116th CONGRESS 2d Session |
To amend the Internal Revenue Code of 1986 to expand the treatment of moving expenses to employees and new appointees in the intelligence community who move pursuant to a change in assignment that requires relocation.
May 11, 2020
Mr. Burr (for himself and Mr. Warner) introduced the following bill; which was read twice and referred to the Committee on Finance
To amend the Internal Revenue Code of 1986 to expand the treatment of moving expenses to employees and new appointees in the intelligence community who move pursuant to a change in assignment that requires relocation.

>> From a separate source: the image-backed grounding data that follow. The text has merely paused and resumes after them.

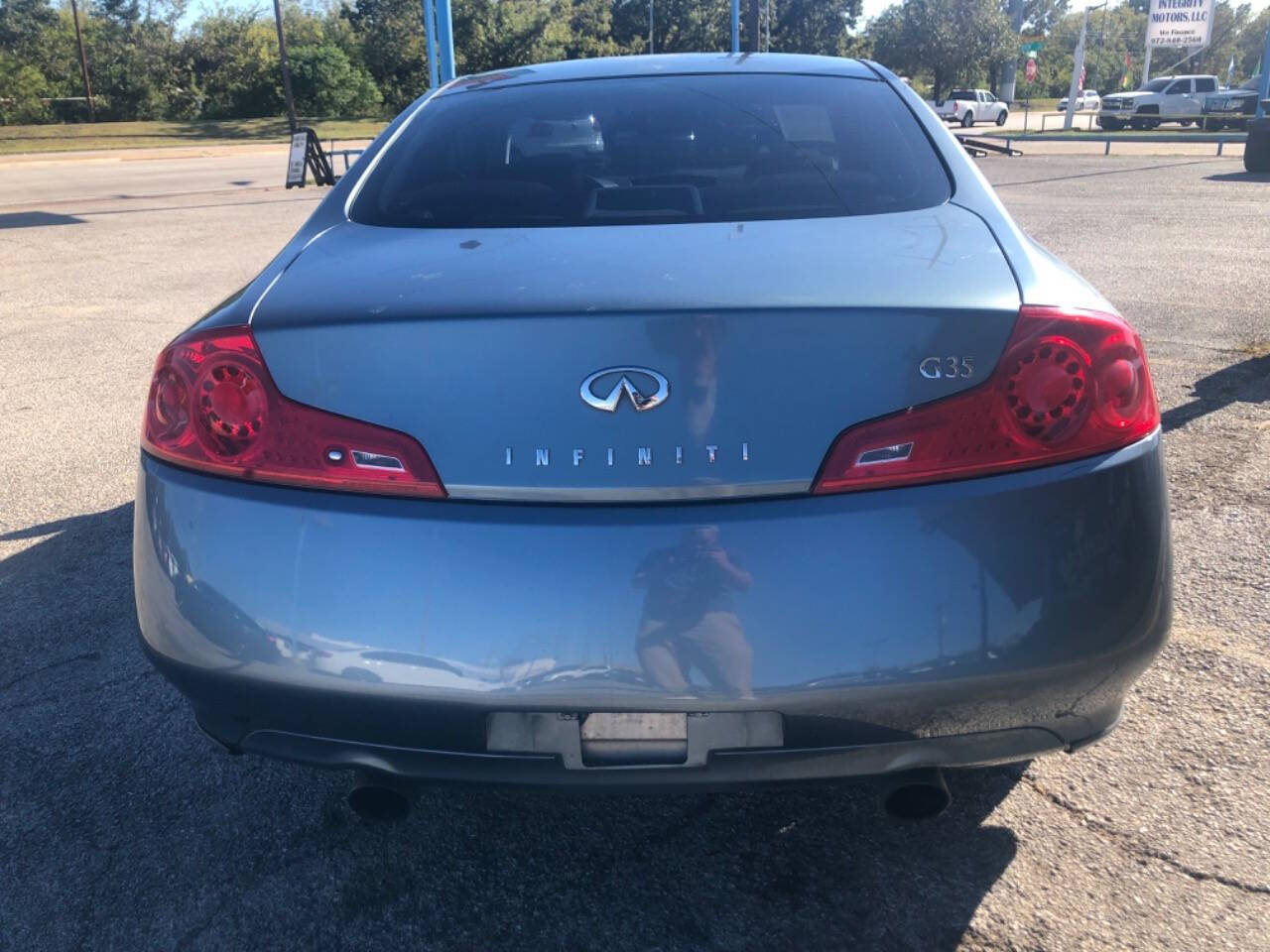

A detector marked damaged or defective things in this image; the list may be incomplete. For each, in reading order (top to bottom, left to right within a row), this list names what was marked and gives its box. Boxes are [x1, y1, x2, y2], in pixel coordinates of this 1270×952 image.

crack in pavement [1021, 776, 1270, 898]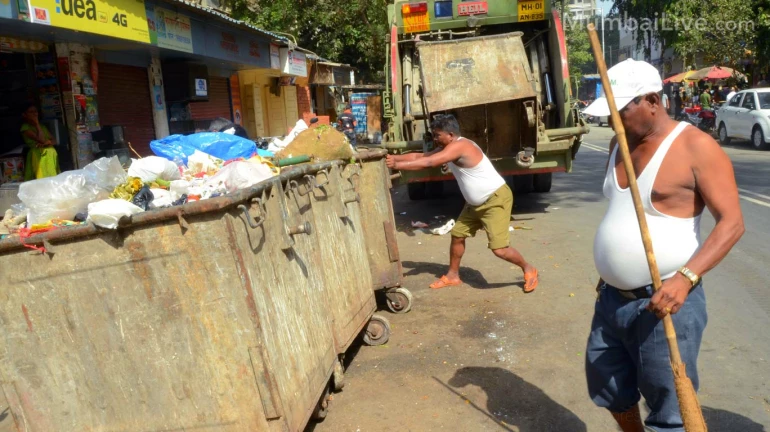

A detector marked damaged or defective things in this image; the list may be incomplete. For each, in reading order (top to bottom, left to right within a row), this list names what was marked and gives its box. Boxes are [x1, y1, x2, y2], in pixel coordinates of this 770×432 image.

rusty metal dumpster [0, 156, 396, 432]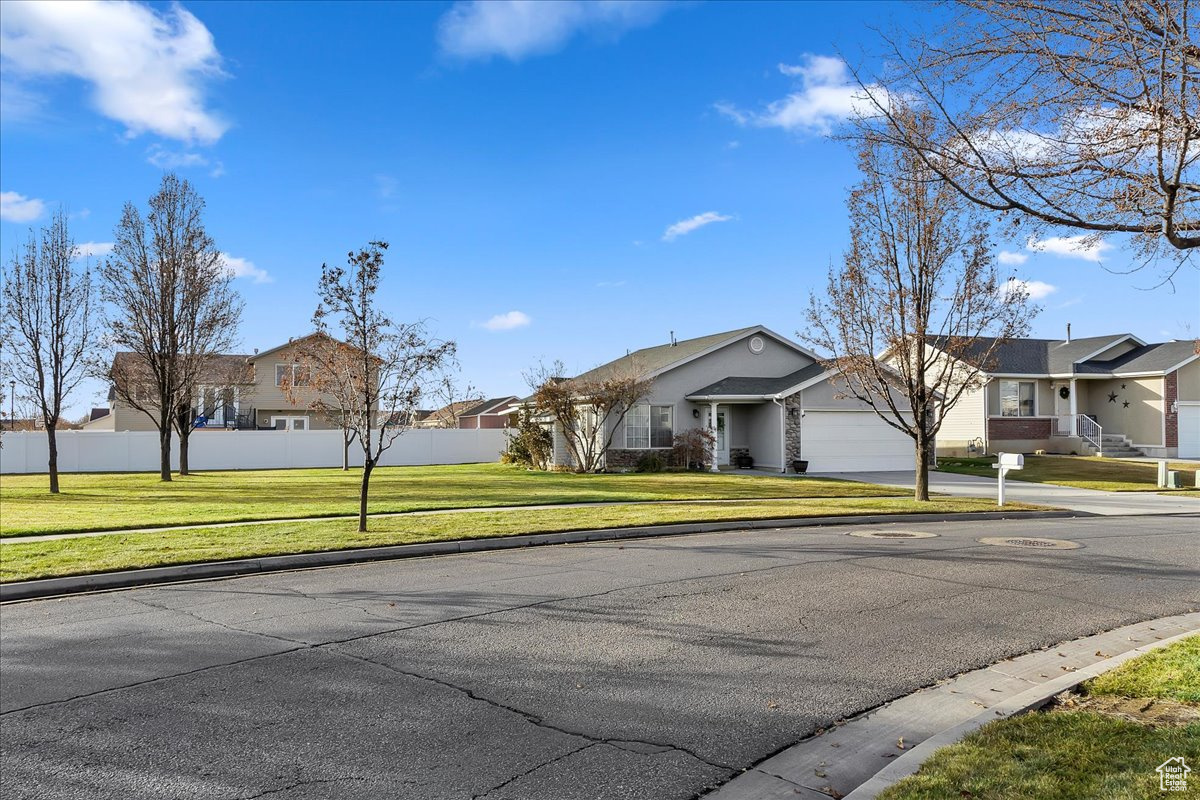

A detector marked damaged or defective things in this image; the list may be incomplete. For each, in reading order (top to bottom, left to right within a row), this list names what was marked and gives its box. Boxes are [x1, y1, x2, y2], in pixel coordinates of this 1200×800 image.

crack in asphalt [333, 652, 734, 777]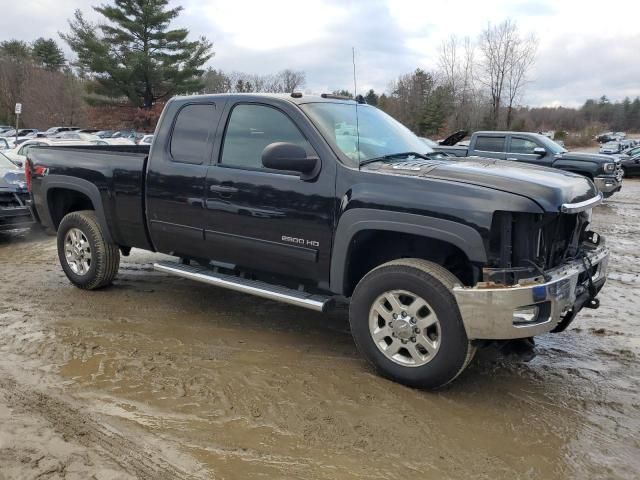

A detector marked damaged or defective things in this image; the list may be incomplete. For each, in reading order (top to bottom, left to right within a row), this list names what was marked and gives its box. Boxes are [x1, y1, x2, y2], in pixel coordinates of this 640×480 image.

damaged front end [452, 195, 608, 342]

Be it enacted by the Senate and House of Representatives of the United States of America in Congress assembled,
This Act may be cited as the “Intelligence Community Workforce Agility Protection Act of 2020”.
SEC. 2. Expansion of treatment of moving expenses.
(a) Purpose.—The purpose of this section is to facilitate the movement of members of the intelligence community to meet mission critical needs and to reduce unintended tax burdens imposed on public servants in relocating duty stations.
(b) Deduction.—Section 217(k) of the Internal Revenue Code of 1986 is amended by inserting “or an employee or new appointee of the intelligence community (as defined in section 3 of the National Security Act of 1947 (50 U.S.C. 3003)) (other than a member of the Armed Forces of the United States) who moves pursuant to a change in assignment that requires relocation” after “to whom subsection (g) applies”.
(c) Exclusion for qualified moving expense reimbursements.—Section 132(g)(2) of the Internal Revenue Code of 1986 is amended by inserting “or an employee or new appointee of the intelligence community (as defined in section 3 of the National Security Act of 1947 (50 U.S.C. 3003)) (other than a member of the Armed Forces of the United States) who moves pursuant to a change in assignment that requires relocation” after “change of station”.
(d) Effective date.—The amendments made by this section shall apply to taxable years beginning after December 31, 2017.